WHAT THIS TASK INVOLVES
Omit all pictures. Reproduce exactly the lines from the first line of the records below through the line with "Marvel-Star Anthony Mackie".
--- INFORMATION SHOWN Enclosed Below ---
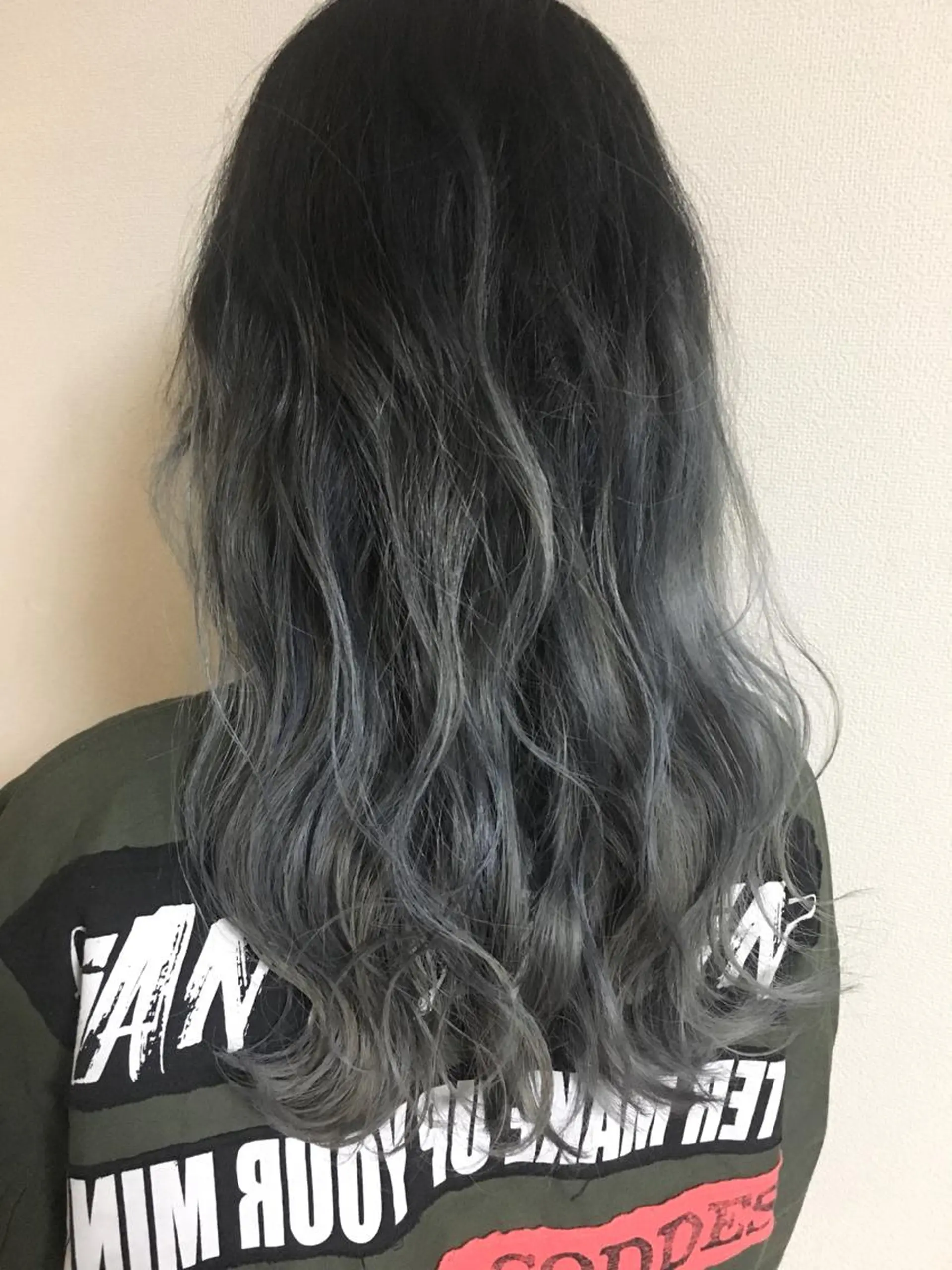 ロング カラー アッシュ ダークアッシュ グラデーションカラー シルバー シルバーアッシュ カット ヘアカラー hair salon Glanzのヘアスタイル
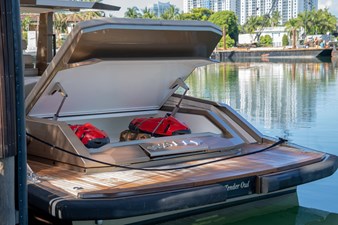 TENDER OWL 41 Garage (Toys Not Included)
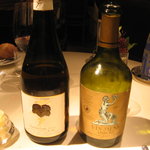 レストランひらまつ 広尾 - ジュラ地方の黄色いワイン、ヴァンジョーンヌ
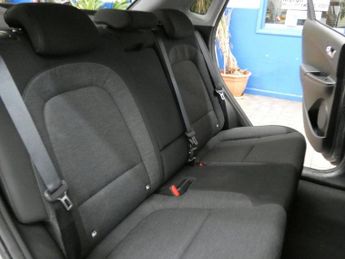 HYUNDAI KONA 64kWh Premium SUV 5dr Electric Auto (10.5kW Charger) (204 ps)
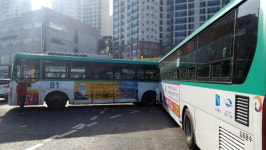 김포 감정동 삼거리에서 버스 간 충돌…9명 경상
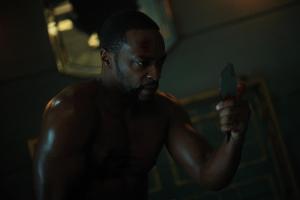 Marvel-Star Anthony Mackie in seiner "Altered Carbon"-Rolle des Takeshi Kovacs.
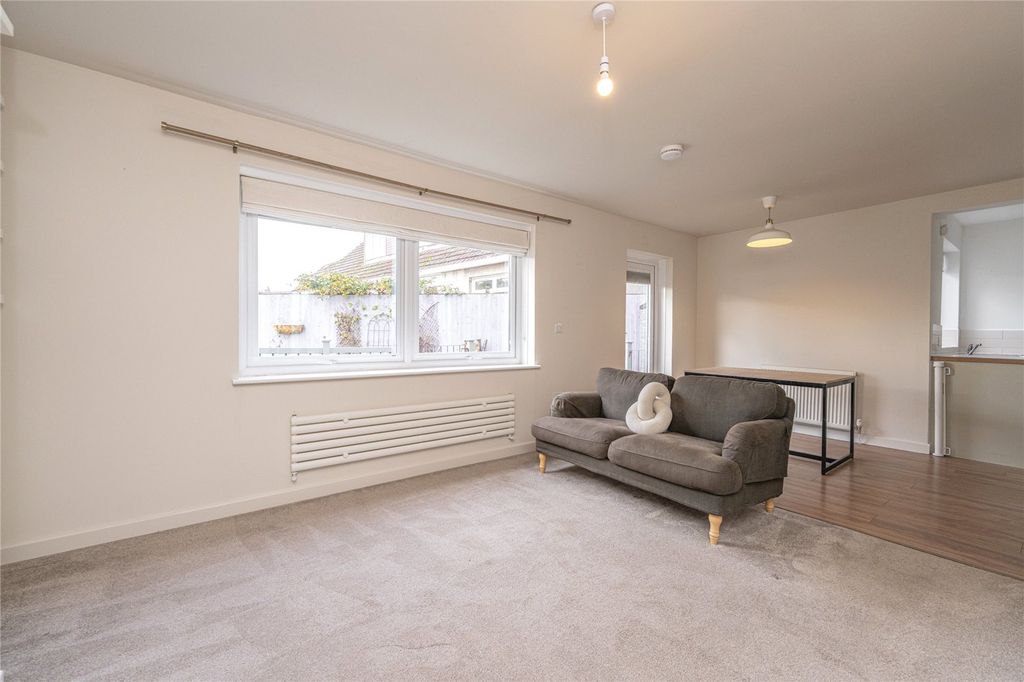 Property photo 2 of 25 Lounge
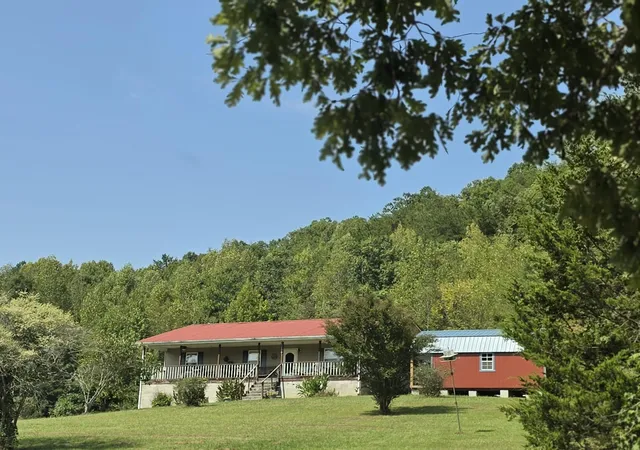 Photo 1 of Single family home for sale at 231 Cox Rd, Williamsburg, KY 40769 | MLS# 26026140 | Listing updated on 2026-10-13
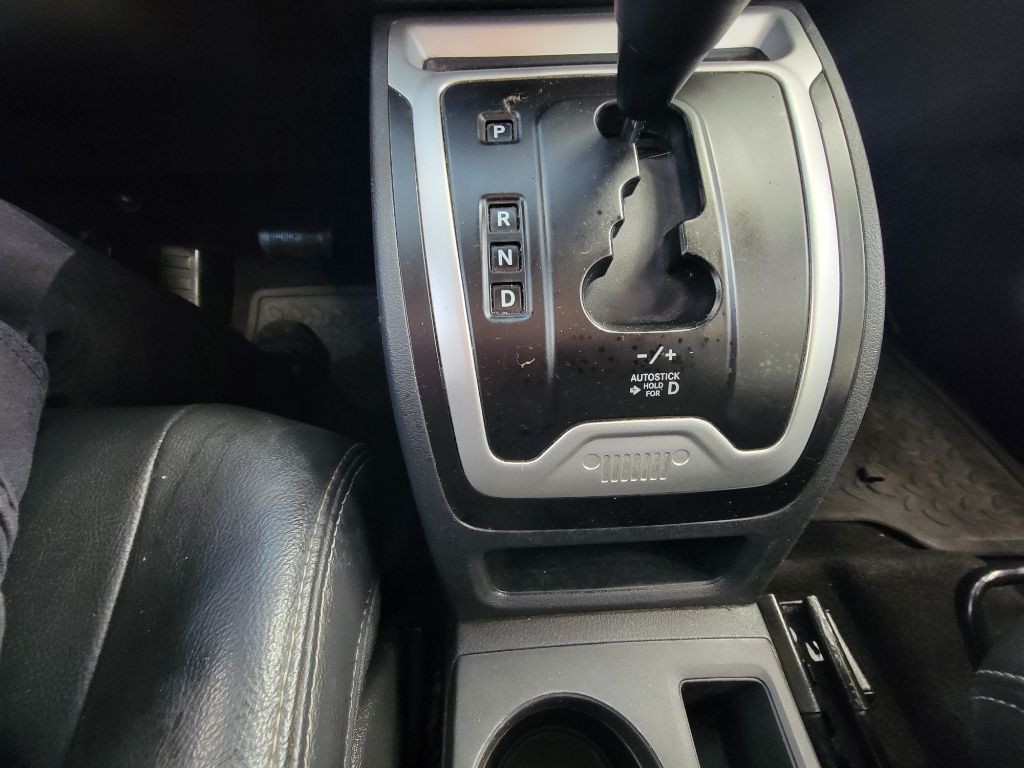 2014 Jeep Compass Image 22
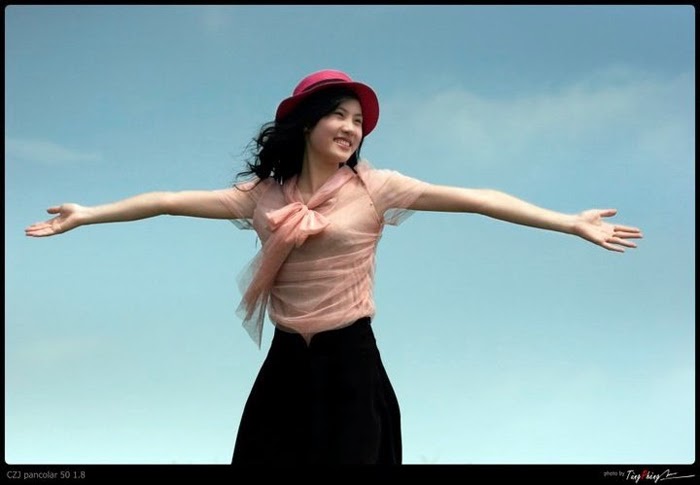 Ngắm hot girl xinh đẹp của đại học Thương Mại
--- End of Enclosed INFORMATION SHOWN ---
WRITTEN RESPONSE
 ロング カラー アッシュ ダークアッシュ グラデーションカラー シルバー シルバーアッシュ カット ヘアカラー hair salon Glanzのヘアスタイル
 TENDER OWL 41 Garage (Toys Not Included)
 レストランひらまつ 広尾 - ジュラ地方の黄色いワイン、ヴァンジョーンヌ
 HYUNDAI KONA 64kWh Premium SUV 5dr Electric Auto (10.5kW Charger) (204 ps)
 김포 감정동 삼거리에서 버스 간 충돌…9명 경상
 Marvel-Star Anthony Mackie in seiner "Altered Carbon"-Rolle des Takeshi Kovacs.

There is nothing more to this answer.